Susan Hiller was born in 1940 and grew up in and around Cleveland, Ohio until 1952 when her family moved to South Florida where she attended local schools and Coral Gables High School. She was awarded a scholarship to Smith College in Northampton, Massachusetts, and graduated in 1961. After a year in New York studying film and photography at The Cooper Union and archaeology and linguistics at Hunter College, Hiller went on to do postgraduate work at Tulane University in New Orleans with a National Science Foundation fellowship in anthropology. She conducted fieldwork in Mexico, Guatemala and Belize but became uncomfortable with academic anthropology's claim to objectivity; she wrote that she did not wish her research to become part of anthropology's 'objectification of the contrariness of lived events'. During a lecture on African art, she made the decision to leave anthropology to become an artist.
Susan Hiller has been based...mainly in London since the early 1960’s. After several exhibitions of her paintings and a series of collaborative ‘group investigations’, in the early 1980’s she began to make innovative use of audio and visual technology. Her groundbreaking installations, multi-screen videos and audio works have achieved international recognition and are widely acknowledged to be a major influence on younger British artists.
Each of Susan Hiller’s works is based on specific cultural artifacts from our society, which she uses as basic materials.
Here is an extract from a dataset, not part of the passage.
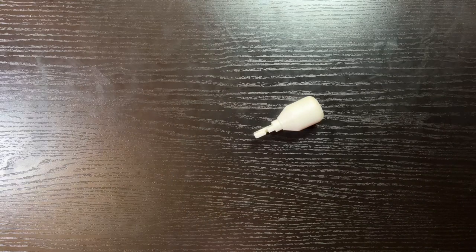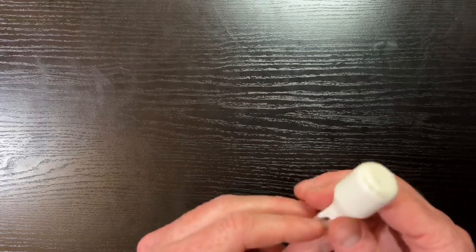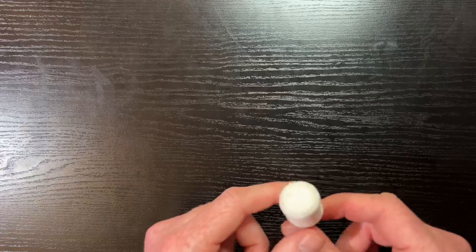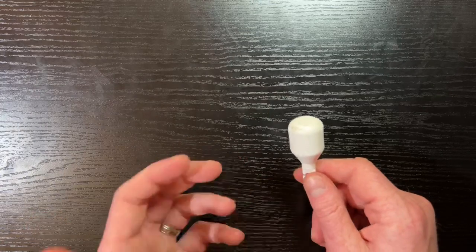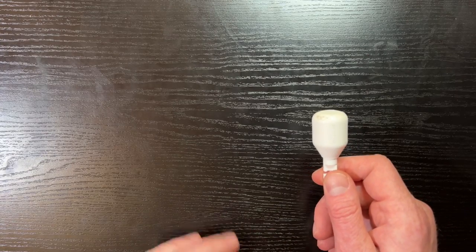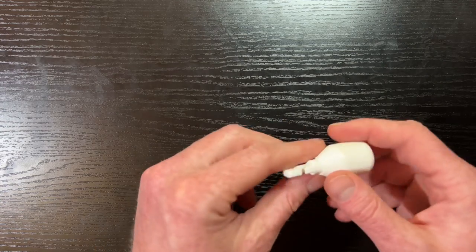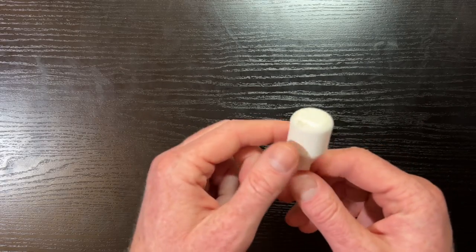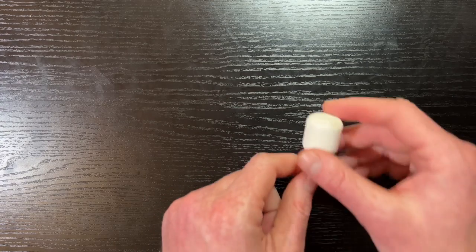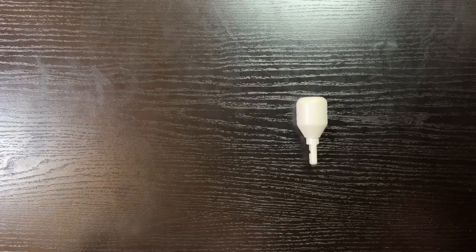The second cane tip is a marshmallow cane tip. On my black desk I have a white marshmallow cane tip — it's named pretty well, very much shaped like a marshmallow, white and curved. It's made out of nylon like the pencil tip, costs about $2.50, and is about 17 grams — a little heavier than the pencil tip but still on the lighter side. It has a little hook to attach to the cane, and it doesn't roll.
Many of her works explore the liminality of certain phenomena including the practice of automatic writing (Sisters of Menon, 1972/79; Homage to Gertrude Stein, 2010), near death experiences (Channels, 2013), and collective experiences of unconscious, subconscious and paranormal activity (Dream Mapping, 1974; Belshazzar’s Feast, 1983-4; Dream Screens, 1996;Psi Girls, 1999; Witness, 2000). In describing this area of Hiller’s work, art historian Dr. Alexandra Kokoli draws attention to its palpable political subtext: “Hiller’s work unearths the repressed permeability ... of ... unstable yet prized constructs, such as rationality and consciousness, aesthetic value and artistic canons. Hiller refers to this precarious positioning of her oeuvre as 'paraconceptual,' just sideways of conceptualism and neighbouring the paranormal, a devalued site of culture where women and the feminine have been conversely privileged. Most interestingly, in the hybrid field of 'paraconceptualism,' neither conceptualism nor the paranormal are left intact ... as ... the prefix 'para' -symbolizes the force of contamination through a proximity so great that it threatens the soundness of all boundaries."
With a practice extending over 40 years, Susan Hiller is considered one of the most influential artists of her generation. Her work is found internationally in both private and public collections and her career has been recognized by mid-career survey exhibitions at London’s Institute of Contemporary Arts (1986) and Tate Liverpool (1996), and, most recently by, a major retrospective exhibition at Tate Britain (2011).